◆ **HOW TO COMPLETE THIS TASK**: Your answer must be the exact lines below, starting with the line with "مملوكة مسبقًا Balenciaga" and going on through the line with "Thieves broke into", both included, with no pictures.

◆ **PROVIDED DATA**:
-.-.-

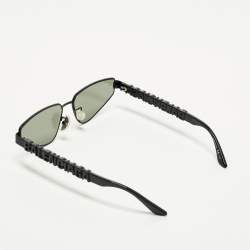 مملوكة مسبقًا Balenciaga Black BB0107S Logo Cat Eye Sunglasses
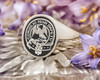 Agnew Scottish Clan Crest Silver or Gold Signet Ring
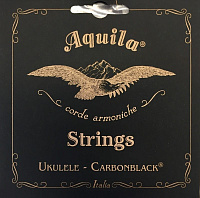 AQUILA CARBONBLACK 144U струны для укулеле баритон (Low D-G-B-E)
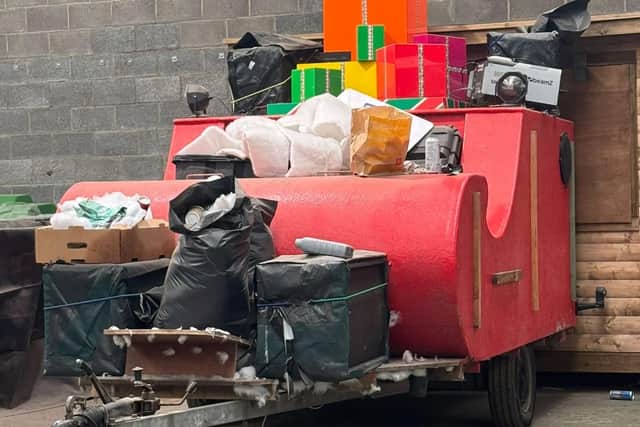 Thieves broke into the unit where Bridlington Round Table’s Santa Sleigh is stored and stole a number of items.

-.-.-

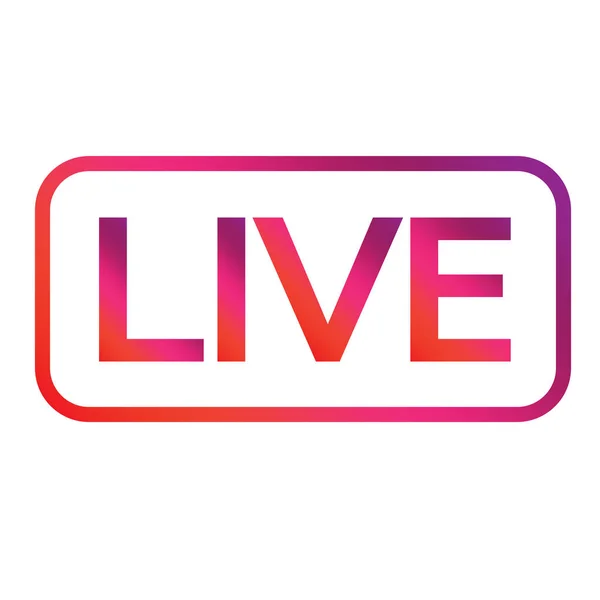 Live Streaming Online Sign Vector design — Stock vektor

-.-.-

◆ **EXERCISE SOLUTION**:
 مملوكة مسبقًا Balenciaga Black BB0107S Logo Cat Eye Sunglasses
 Agnew Scottish Clan Crest Silver or Gold Signet Ring
 AQUILA CARBONBLACK 144U струны для укулеле баритон (Low D-G-B-E)
 Thieves broke into the unit where Bridlington Round Table’s Santa Sleigh is stored and stole a number of items.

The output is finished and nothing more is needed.